SOURCE MATERIAL –
++++++

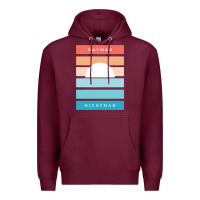 Burgundy DAYMAN NIGHTMAN - It's Always Sunny Premium Hoodie - PixelFlow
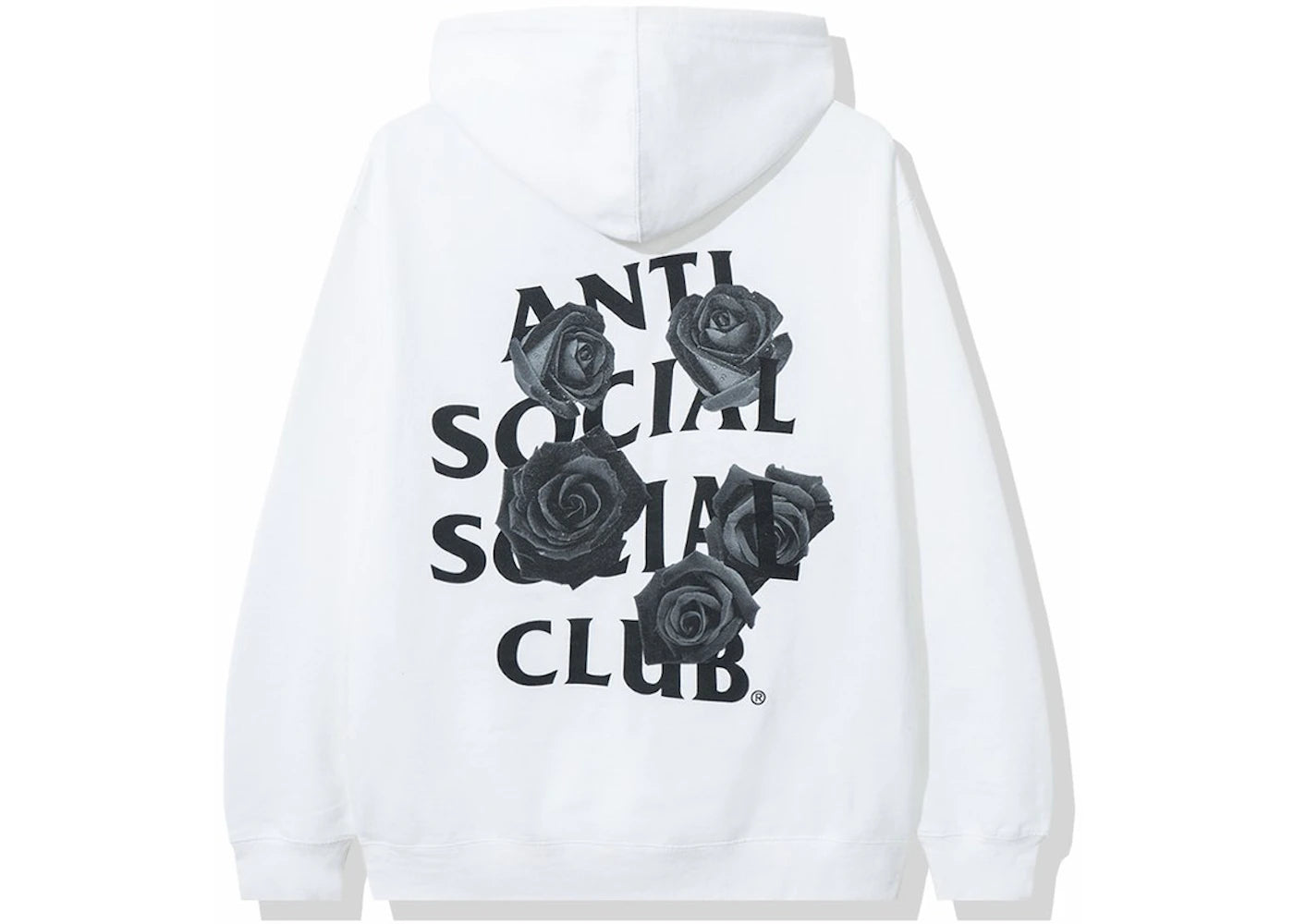 Anti Social Social Club Bat Emoji Hoodie White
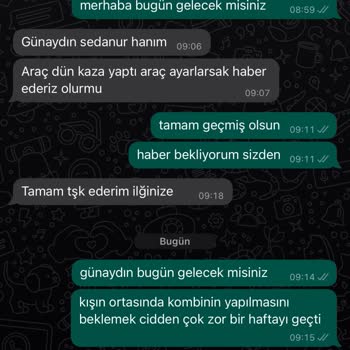 Hexel Kombi Servisi Hala Gelip Sorunumu Çözmedi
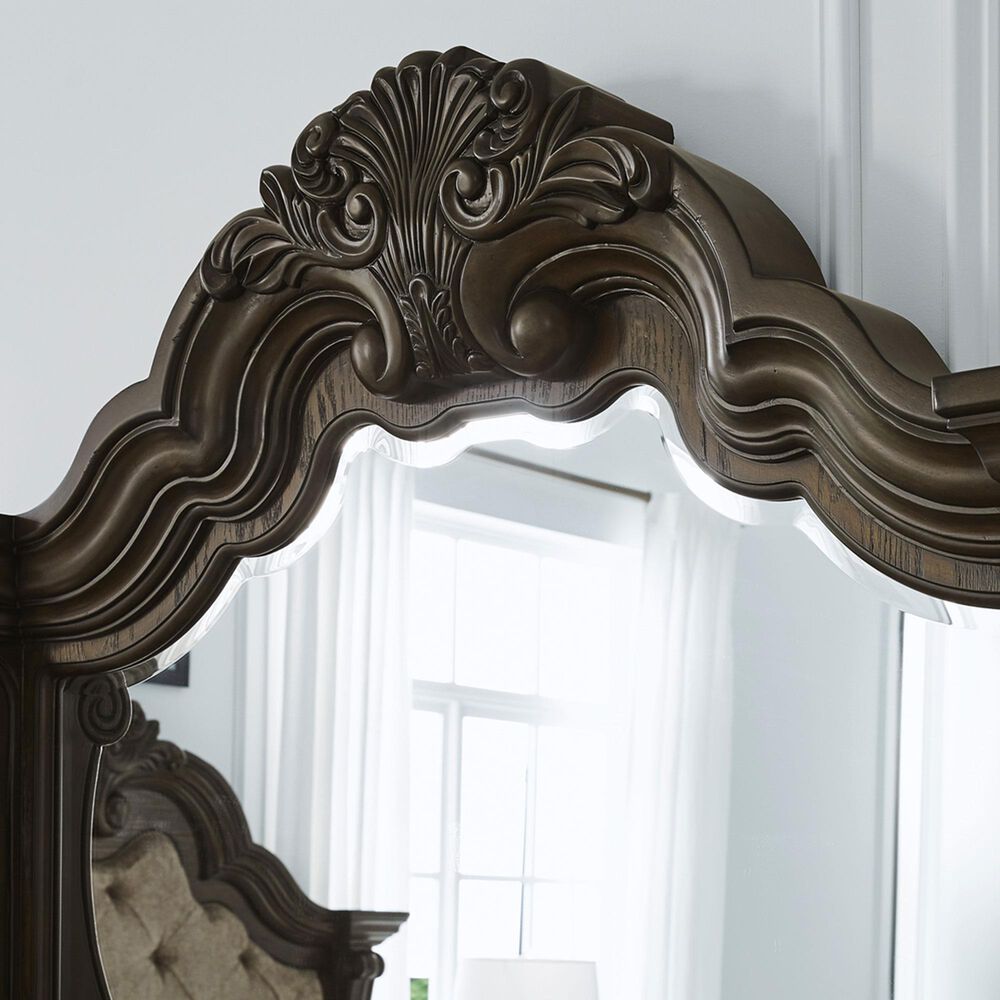 Millenium Maylee Dresser and Mirror in Dark Brown, , large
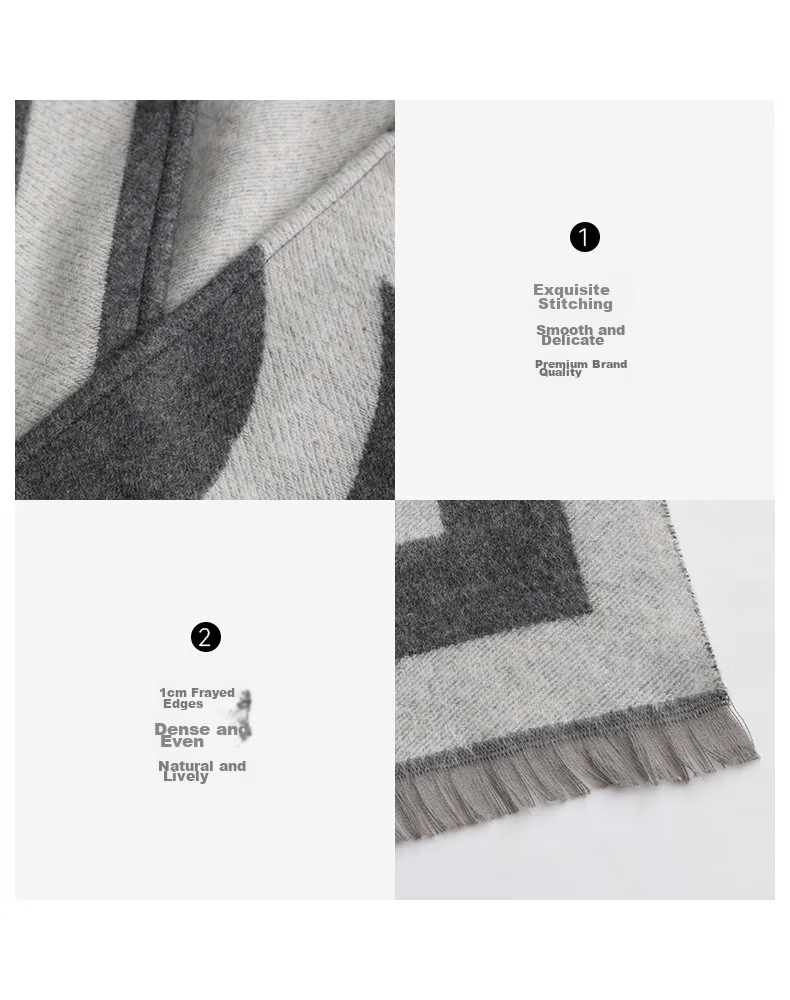ELLE Women's Shawl French Elegant Temperament Jacquard Scarf for Air-conditioned Rooms Four Seasons Gift for Mom Camel Color 12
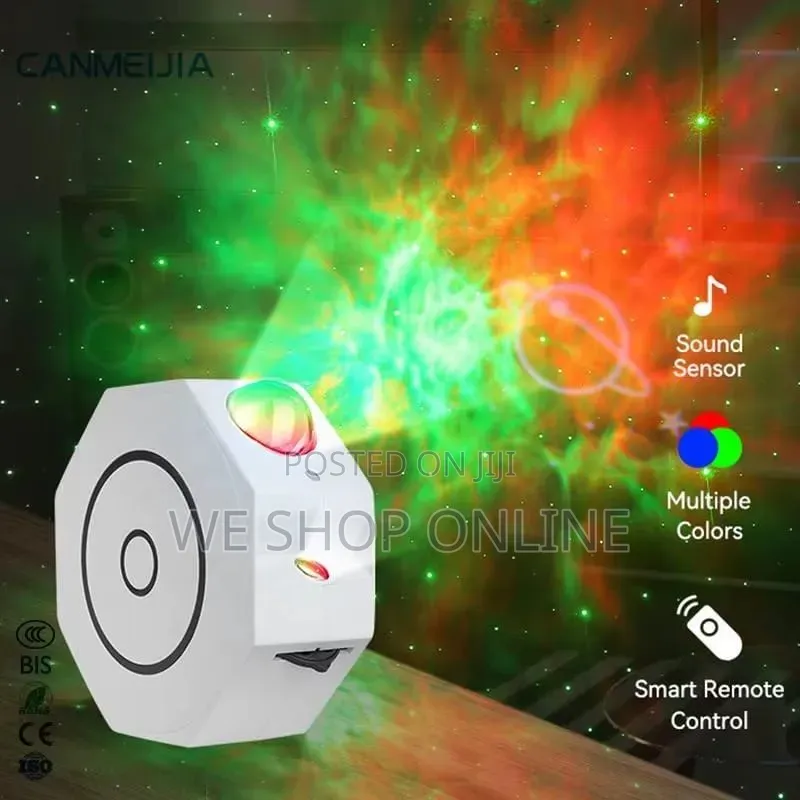 Galaxy Night Light Projector With Bluetooth Speaker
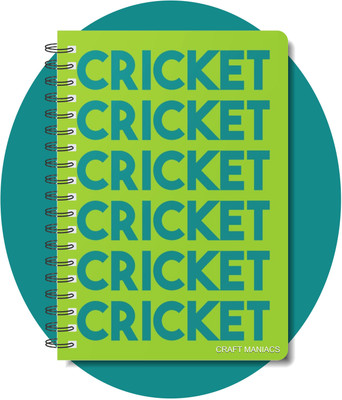 craft maniacs CRICKET 2024 NOTEBOOK COLLECTION A5 Diary RULED 160 Pages(White)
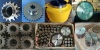 Power transmission roller chain sprockets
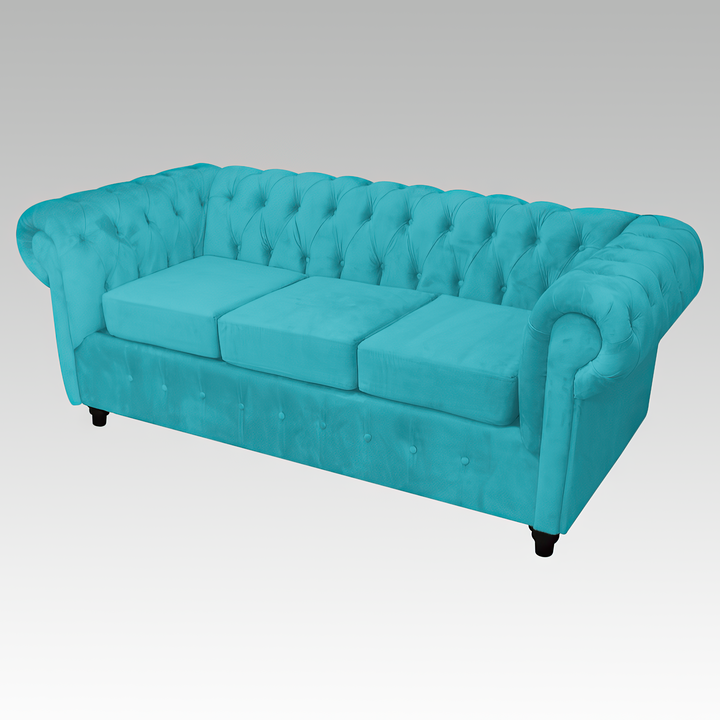 Sofá 3 Cuerpos Modelo Chesterfield FS Mobiliario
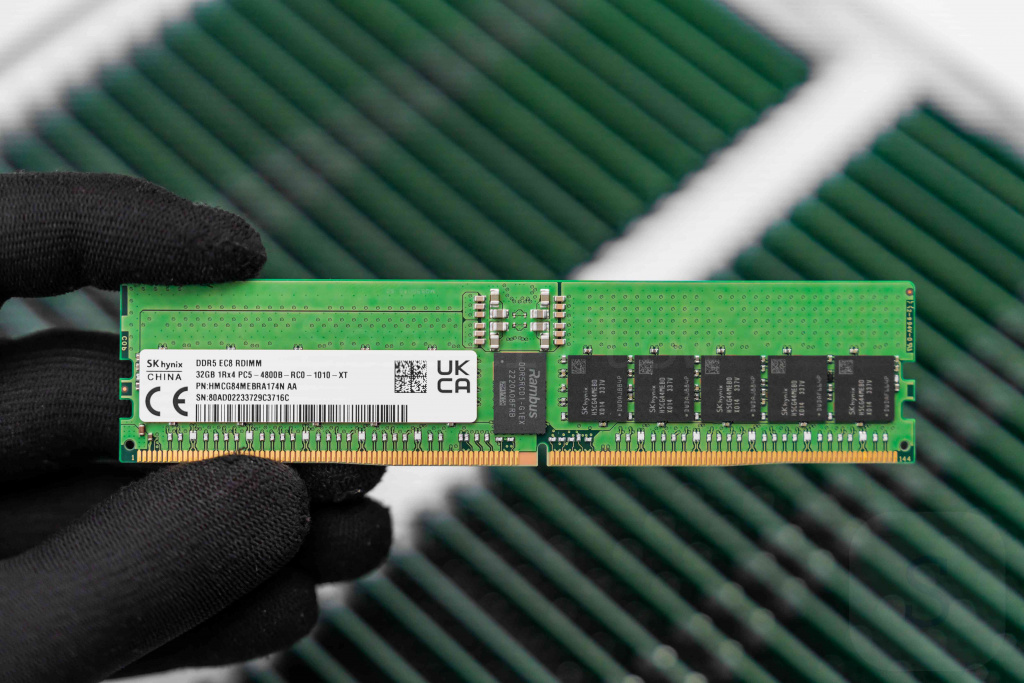 Оперативная память SK Hynix DDR5-4800 RDIMM 32 ГБ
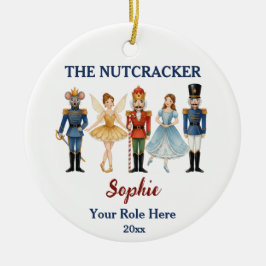 Nutcracker Ballet Custom Name & Role Keramik Ornament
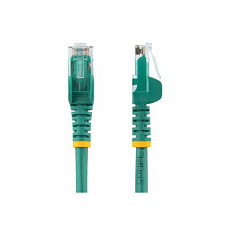 Startech 7.5m CAT6 Ethernet Cable, 10 Gigabit Snagless RJ45 650MHz 100W PoE Patch Cord, CAT 6 10GbE UTP Network Cable w/Strain Relief, Green, Wiring is UL Certified/TIA - Category 6 - 24AWG (N6PATC750CMGN) - Patch kabel - RJ-45 (M) do RJ-45 (M) - 7.5 m - UTP - CAT 6 - provedení bez hrbolku - zelená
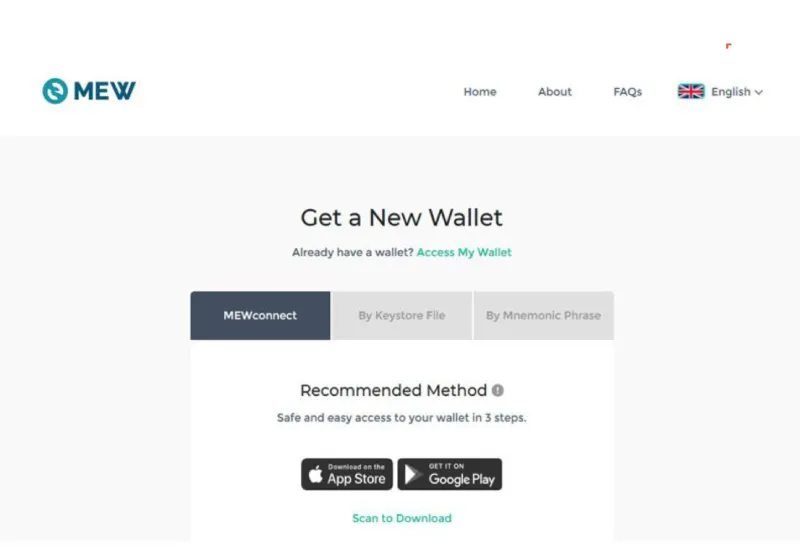 مرحله پنجم: ساخت کیف پول مای اتر والت (MyEtherWallet)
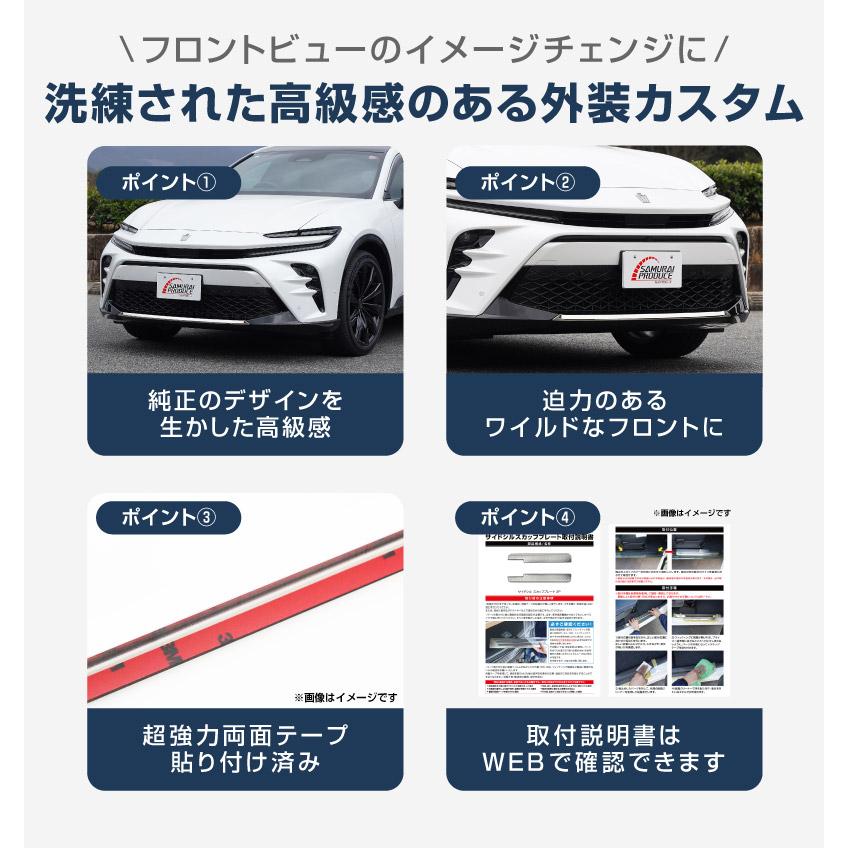 サムライプロデュース クラウンスポーツ フロントリップ ガーニッシュ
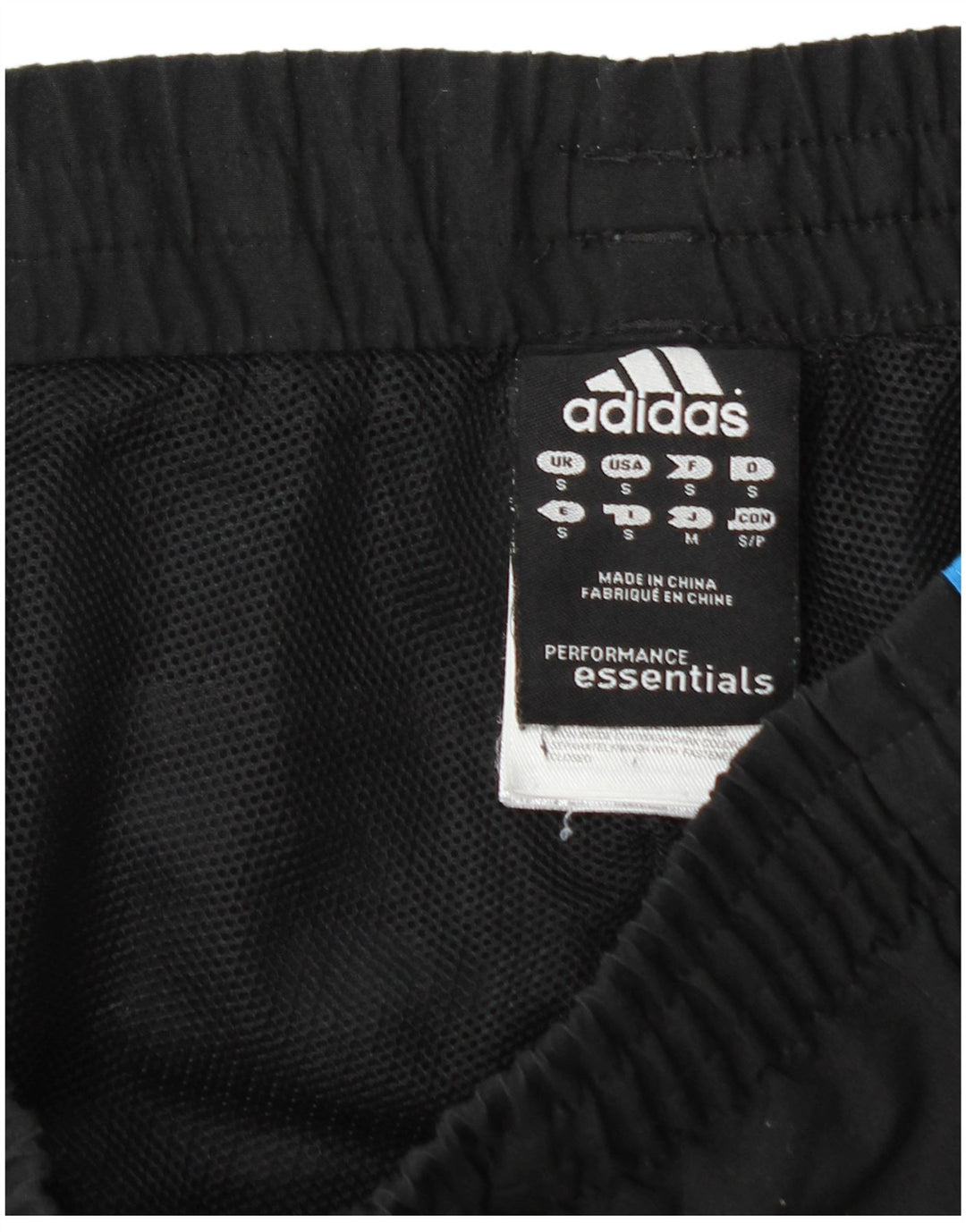 Pantaloni de trening Adidas pentru bărbați, poliester negru mic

++++++

YOUR INSTRUCTIONS –
Please set down the lines from the one with "サムライプロデュース クラウンスポーツ フロントリップ ガーニッシュ" to the end of the entries above, exactly as they are, and drop every picture.

SOLUTION TO THE PROBLEM –
 サムライプロデュース クラウンスポーツ フロントリップ ガーニッシュ
 Pantaloni de trening Adidas pentru bărbați, poliester negru mic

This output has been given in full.